Top of Listed records

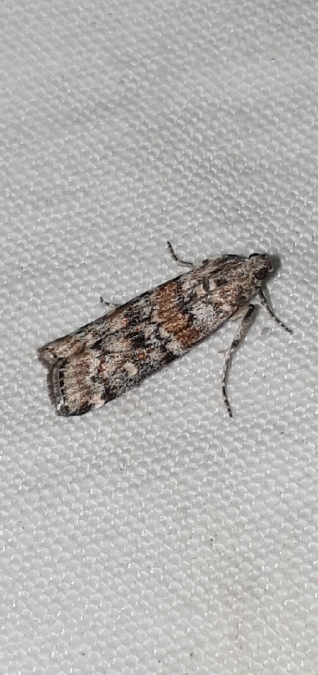 Dioryctria abietella  - Melchior Viallet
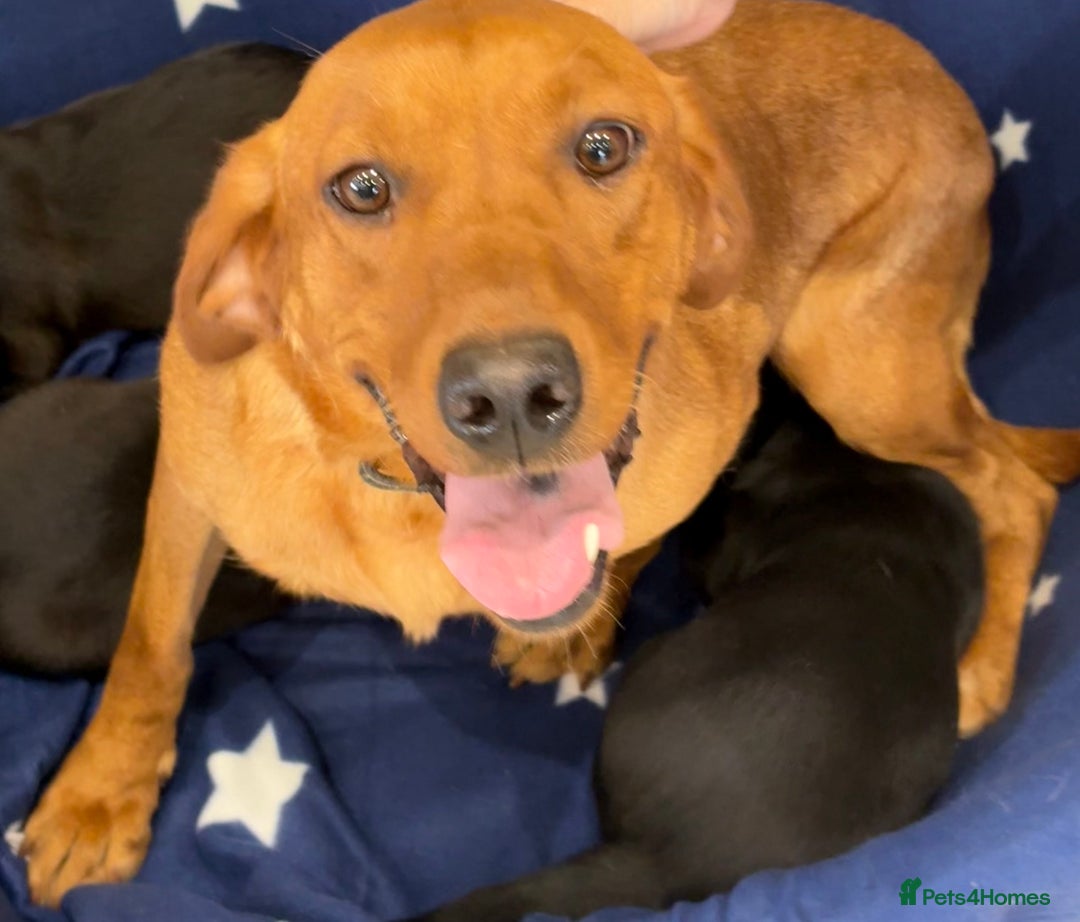 Borador dogs for sale: Gorgeous Lab x Collie pups - Image 3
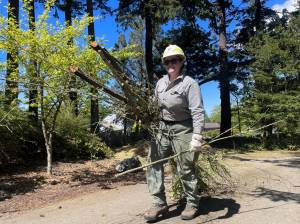 Photo by Sam Fletcher
Claire Seitzer-Jones, a Department of Natural Resources firefighter, clears potential fire hazards from the Pondilla Estates in Coupeville.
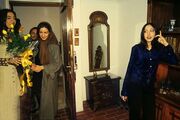 یک عکس کاملا دخترانه و تفسیرپذیر از شمال تهران
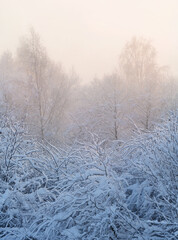 landscape with trees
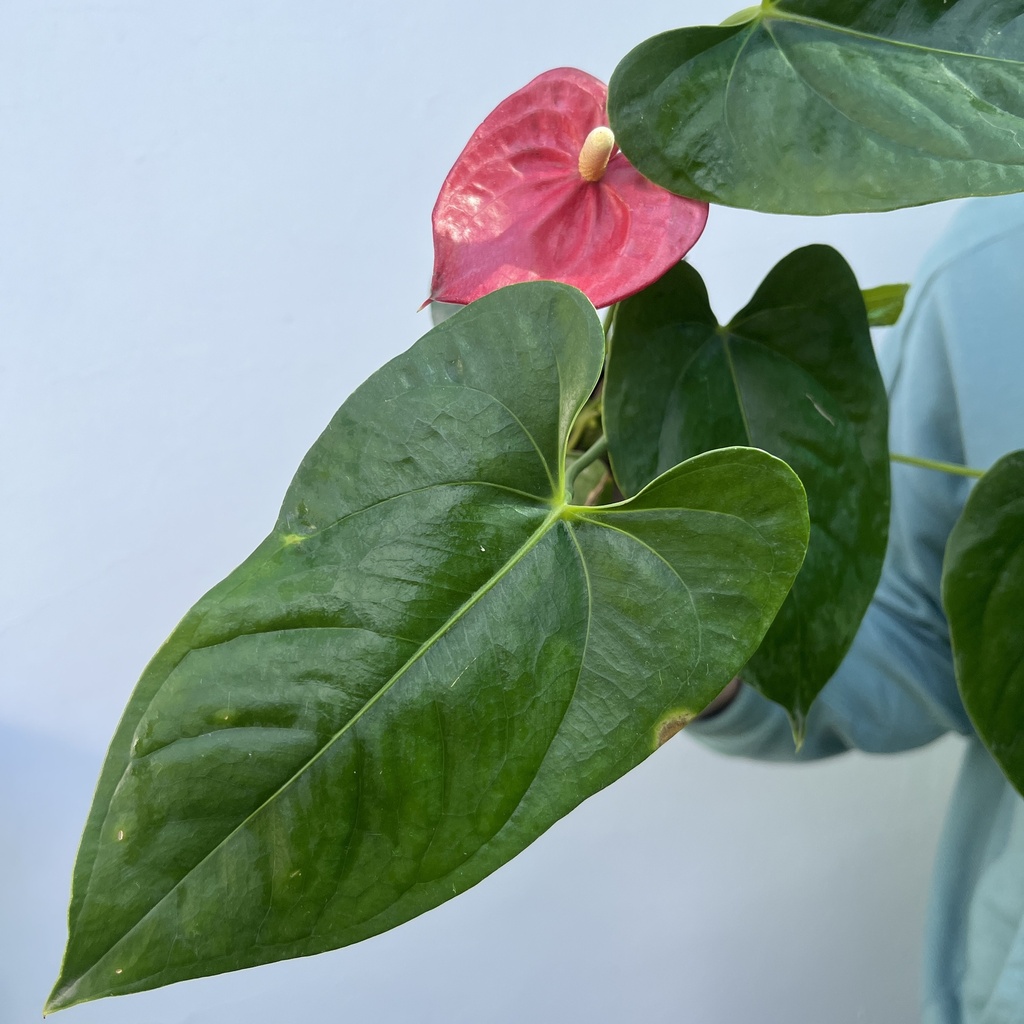 Anthurium Andraeanum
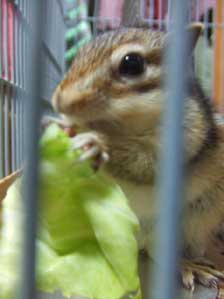 �p���p���p���p��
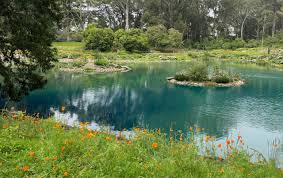 Image result for Mid Thame Model Boat Club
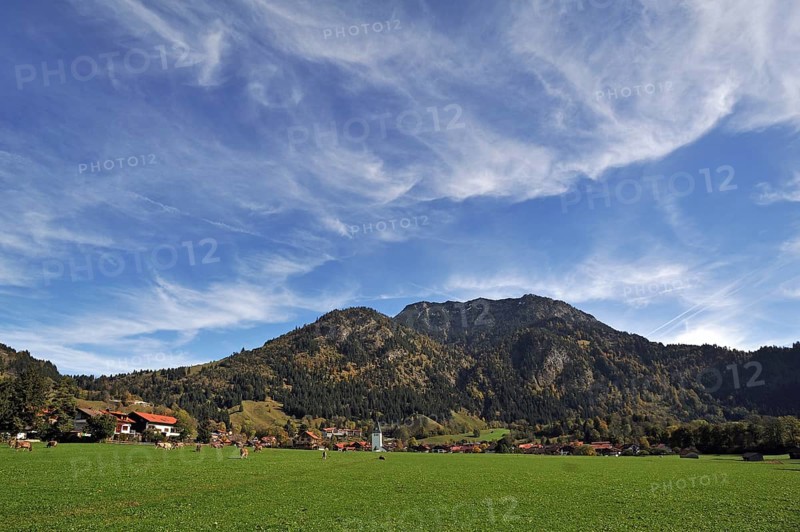 Pasture with cows in front of Bad Oberdorf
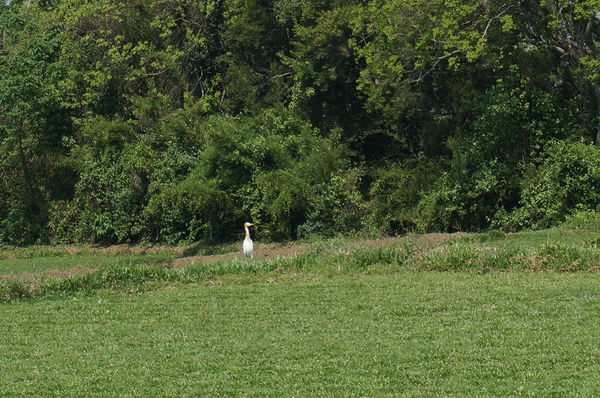 14.DSC00553.JPG 14.DSC00553.JPG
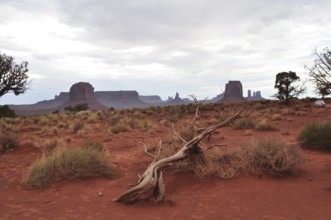 Lonely, dead wood in a red desert landscape with rocks in the background, Monument Valley, Navajo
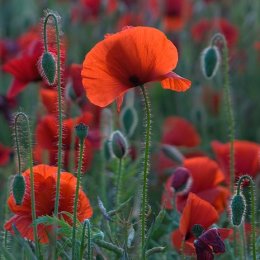 H.C. Poppies. John Stephenson. Judge: Brian Nattrass.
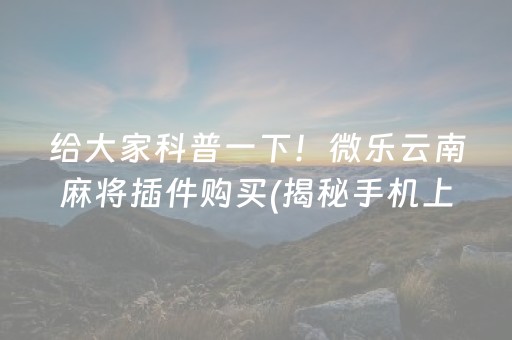 给大家科普一下！微乐云南麻将插件购买(揭秘手机上辅牌器)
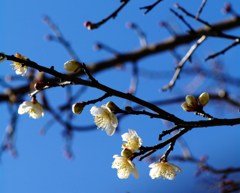 初春の香り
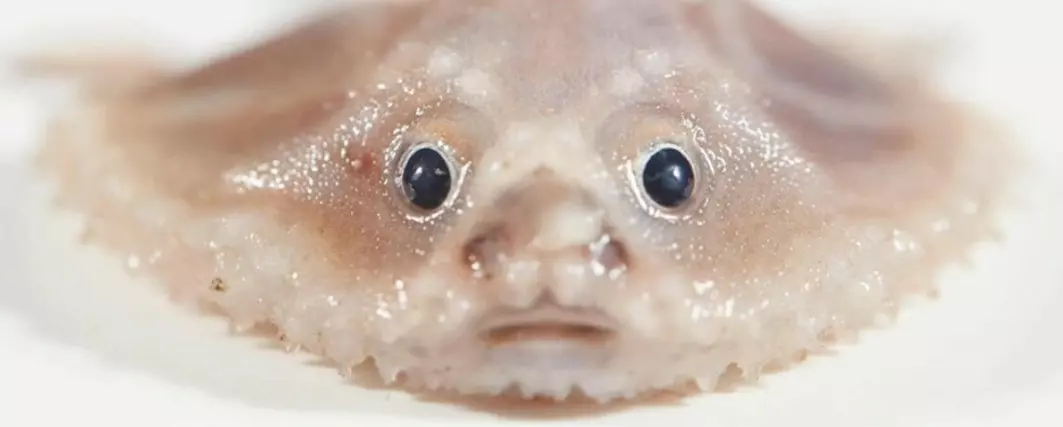 På engelsk kalles denne lille kameraten en deep sea batfish. Lær mer om den søte skapningen i artikkelen.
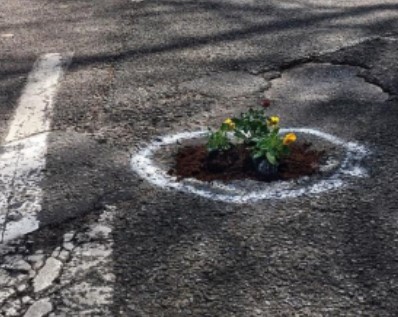 Pothole flowers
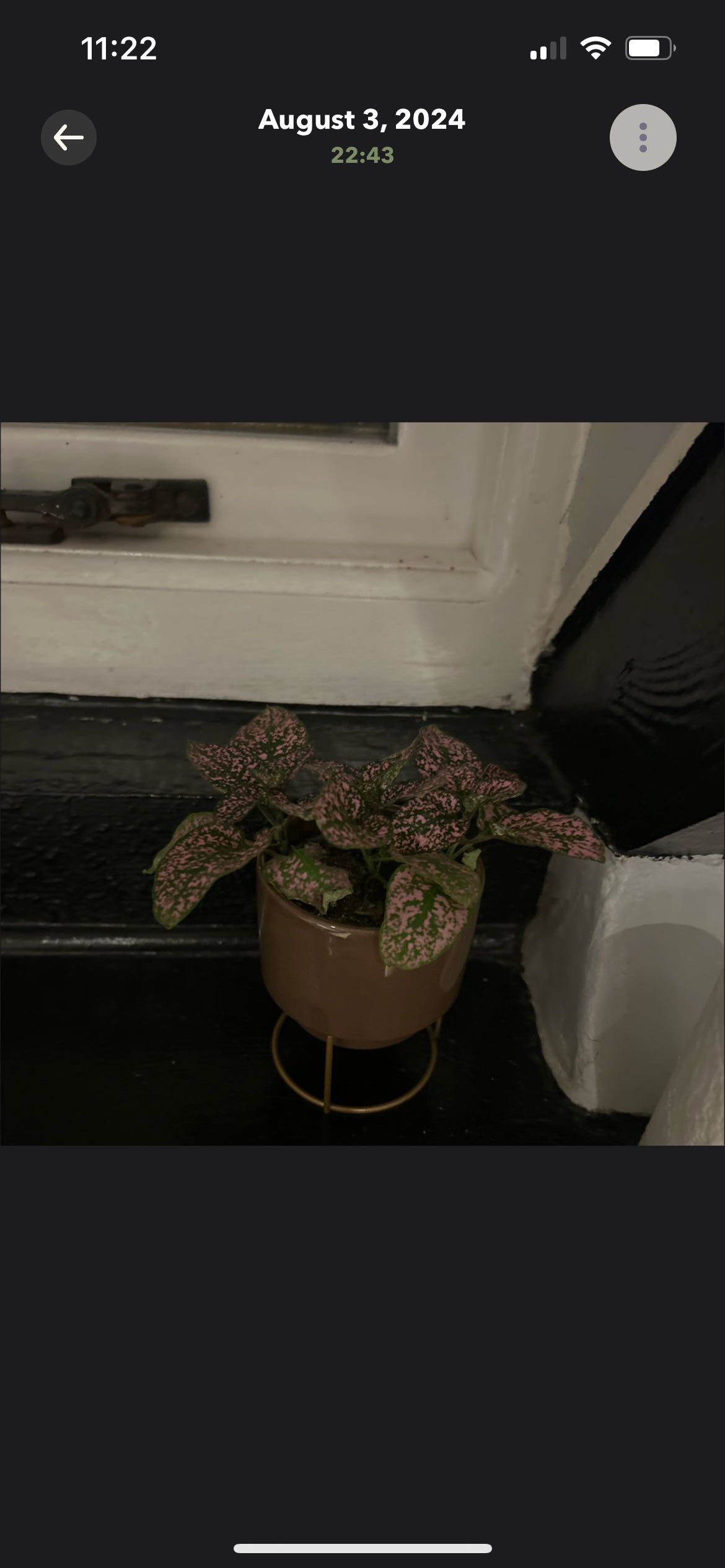 Photo from the post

Bottom of Listed records

Aim of the exercise:
In the copy, include exactly the lines from the one containing "给大家科普一下！微乐云南麻将插件购买(揭秘手机上辅牌器)" through the last line of the records, and no pictures or other text.

Task result:
 给大家科普一下！微乐云南麻将插件购买(揭秘手机上辅牌器)
 初春の香り
 På engelsk kalles denne lille kameraten en deep sea batfish. Lær mer om den søte skapningen i artikkelen.
 Pothole flowers
 Photo from the post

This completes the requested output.